Carmarthenshire County Council will unveil its plans for a programme of massive budget cuts in the next few weeks. In addition to hundreds of job losses, they are likely to include huge increases in charges for council services, the end of free school transport for children aged 16+, outsourcing to rip-off merchants in the private sector and cutbacks to spending on coastal defences, road and bridge maintenance.
The list of 51 targets which was published at the end of 2013 was put together by the council's officers and was headed by cynical attacks on soft targets such as trade union support and the Welsh language, where the savings will be negligible and the damage immense.
Back in November council leader Kevin Madge launched a vitriolic attack on the opposition Plaid group. He took the difficult decisions while they ran away from responsibility, he claimed.
Peter Hughes Griffiths responded by inviting Kevin Madge and other members of the Labour Independent coalition to a meeting to discuss Plaid's own budget proposals.
The meeting is unlikely ever to take place because Kevin Madge and Pam Palmer insisted that they would only meet opposition councillors if council officers took part in the meeting. Which goes to show who is really running the show.
Concluding that a meeting on those terms would be a waste of time, the Plaid group has now published an outline of its plans, which it says would avoid compulsory redundancies, raising charges and service cuts.
The Plaid options would make over £7 million available against the required policy savings of £4.3m. This would spare all the services listed for cuts or increased charges by the Council for 2014-15. Furthermore, the highly-unpopular hike in charges for the use of sports facilities – rushed in by the Executive Board before the budget discussions started – would not have to be implemented.

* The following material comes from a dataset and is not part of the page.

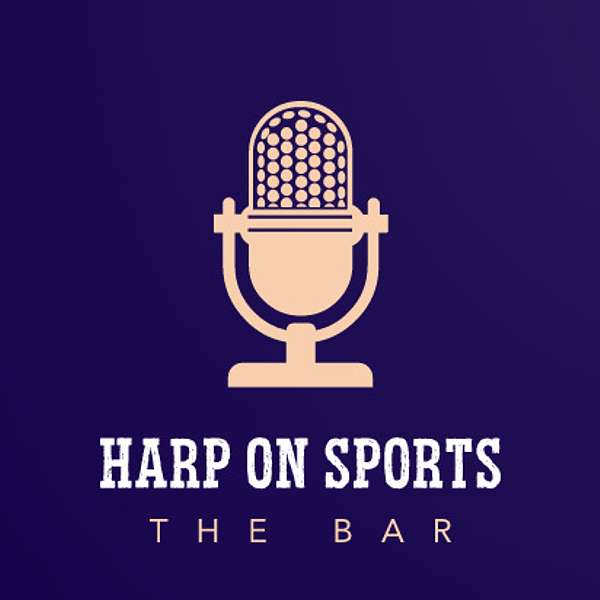 Harp on Sports - The Bar Podcast Artwork Image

The savings would be achieved by a combination of measures including accepting applications for early retirement; taking a larger share of profits made by CWM (the council's waste recycling firm); selling part of the council's bloated property portfolio; allocating half of the Welsh government's outcome grant to the revenue account; taking £1 million out of reserves, including reserves set aside for non-active projects; and trimming the budgets of the council's various communications operations, including replacing the newspaper with an annual information sheet.
In its statement, the Plaid group says that it, "notes that the salaries paid to senior officers in Carmarthenshire are amongst the highest in Wales. The Chief Executive earns £180,000+ (more than the UK Prime Minister); four other senior officers earn £130,000+ (the same as Cabinet Ministers) and another 19 Heads of Service £80,000+ (much more than MPs). This is a source of great public resentment. We believe a cross-party group should review the situation, with a view to setting reasonable salary scales for future appointments."